Elle avait joué Martha Graham, malade et alcoolique. Viviane Amsellem, femme libre et entière. Une mère divorcée et amante passionnée dans Mariage tardif, une prostituée mère d’une adolescente de 17 ans dans Mon trésor, une tenancière d’un bar-restaurant dans La visite de la fanfare. Elle n’aura cessé d’incarner des personnages de femme complexe, et d’interroger la société israélienne sur son côté patriarcal, ses archaïsmes, ses pesanteurs… Et la France aura représenté pour elle le lieu d’une seconde naissance. Elle est arrivée un beau matin, a fait un stage chez Ariane Mnouchkine, un tour du côté d’Avignon, avant de se retrouver aux côtés des plus grands, André Téchiné, Fanny Ardant, Catherine Deneuve, Pascal Elbé, Brigitte Sy… Elle avait le projet de jouer Maria Callas.
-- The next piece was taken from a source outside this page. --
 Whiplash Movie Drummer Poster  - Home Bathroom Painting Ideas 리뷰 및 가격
Ce devait être son dernier rôle, celui d’une femme qui lui ressemble, ardente, lumineuse, et dont la vie fut aussi brève que la sienne.
Nous avons voulu, dans ce numéro lui rendre l’hommage qu’elle mérite. Et quel meilleur hommage que d’associer à son nom le renouveau d’un cinéma israélien en pleine effervescence et qui lui doit tant ? Elle était le symbole de ce renouveau. Ce cinéma continuera de tracer sa route, nul n’en doute. Mais il lui manquera quelque chose qu’elle incarnait mieux que personne. Ce mélange particulier de grâce, de profondeur et d’irrévérence qui n’appartenaient qu’à elle.
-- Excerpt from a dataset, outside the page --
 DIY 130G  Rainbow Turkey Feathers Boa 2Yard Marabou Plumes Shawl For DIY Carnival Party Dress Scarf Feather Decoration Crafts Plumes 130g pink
Salut à toi, Ronit ! Que les étoiles du ciel qui te reçoivent te fassent bon accueil, et qu’elles sachent combien tu étais rare !
Shlomo Malka
Quelle belle idee que de lui consacrer un espace à sa mesure. Elle est la plus grosse perte artistique et humainement je l’adorais pour son talent, son audace, sa force de caractère. On n’a pas encore assez parlé de ce qu’elle nous laisse en héritage. Tous ces sujets forts qu’elle aborda, seule ou avec son frere.